Portrait drawing can be really tough. There is so much subtlety and nuance in the human face that it can be difficult to capture that likeness perfectly. At its most basic level, the structure, contours and shapes of the face can be studied to make drawing easier, however that will only get you started. At a higher level, you’ve got to contend with the being able to capture the likeness and character of the person. This can be even more challenging. But it is a challenge that I love. And this drawing of Mya in particular, allowed me to contend with all these challenges and to enjoy that drawing process.
I recently watched an incredible video with Russel Simmons, Waka Flocka and Mya discussing Veganism from different view points. It was so amazing to see three different hip-hop icons talking about Veganism passionately, and bringing their own unique flavor to the subject. Mya said one thing that stood out me about going vegan : “You don’t see the product, you begin to see the process”. I thought this was so poignant, because it highlights one of the biggest changes that veganism brings forth; You begin to see the larger picture!

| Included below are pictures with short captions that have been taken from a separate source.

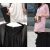 2013 נשים גדולות גודל חינם גודלה של שמלת שיפון הקוריאנית , צבע ladies'chiffon שמלה 3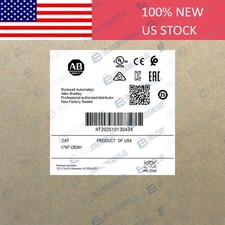 1797-OE8H Module, PLC, LCD, Board, Controller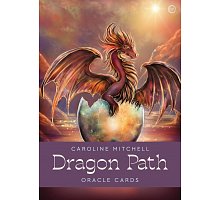 Фото Оракул Пути Дракона - Dragon Path Oracle Cards. Watkins Publishing
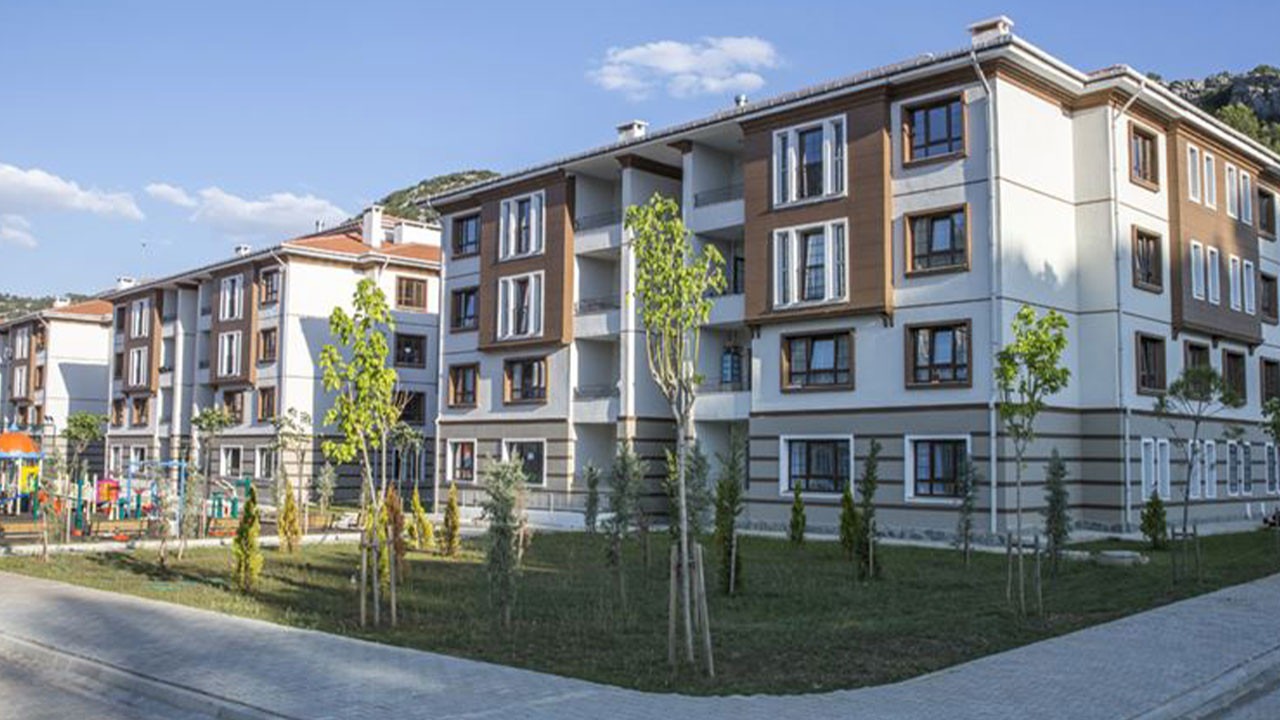 Yüzyılın konut projesinde kura çekilecek ilk iller belli oldu!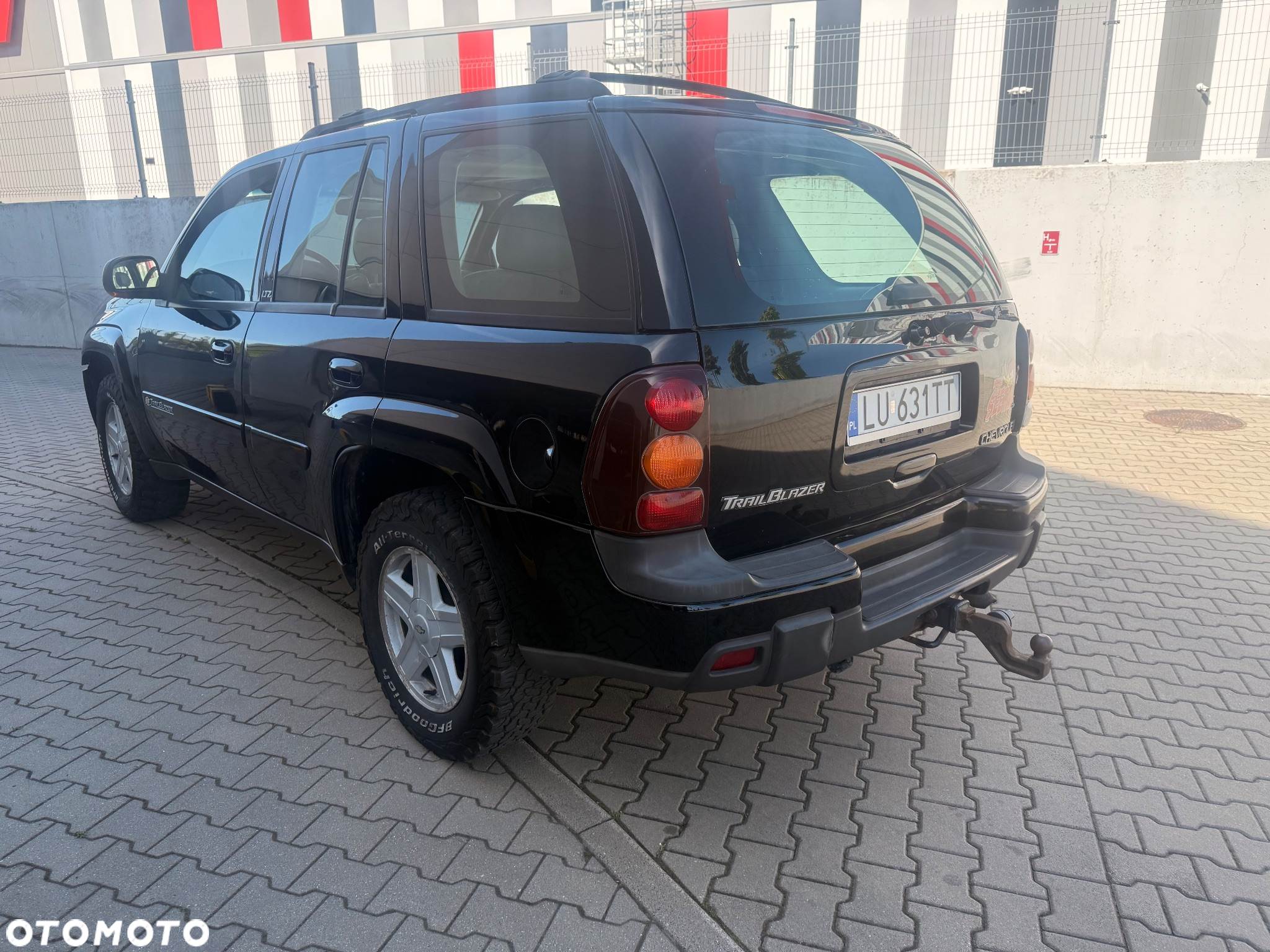 Chevrolet Trailblazer LTZ - 5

She also happens to be a stunning musician and dancer. Check out this video to see what I mean. Her tap dancing at 2:45 minutes is crazy good!
I am on a mission right now to draw as many influential vegans as I can. And it only seemed fitting that Mya would be on the list. And without a doubt, I’ll probably being drawing Mya again very soon.
A Different Technique
My usual technique has been failing me recently. It was working nicely in the beginning with some annoying problems, and it was my hope that with enough practice it would improve. However, in all honestly, I can’t say that my usual technique is yielding massive results so I’m playing around with new techniques.
The technique used in the Mya drawing is based on the Russian soft brush technique, where it lets you work with large areas of shapes and value. Thereafter you can incrementally add in detail and move shapes around if needed. In all honestly it worked very well. But when you watch the video, you’ll see that along the way I still need to shift things around a lot until the shapes and values are positioned correctly. This highlights a massive deficiency in my abilities; I still can’t see proportionality well. In the past, lightly drawing locations of various facial landmarks with horizontal and vertical lines worked well. But clearly, I have not mastered this.
The technique I used here works brilliantly on digital, but unfortunately I won’t have the luxury of broadly moving shapes around on the page, when working with actual pencil and paper. This is a problem for me, and more practice is definitely required.
I am very happy with the way this turned out. I’m going to continue using this technique on digital for a while and see how things progress. With any luck my skill will improve.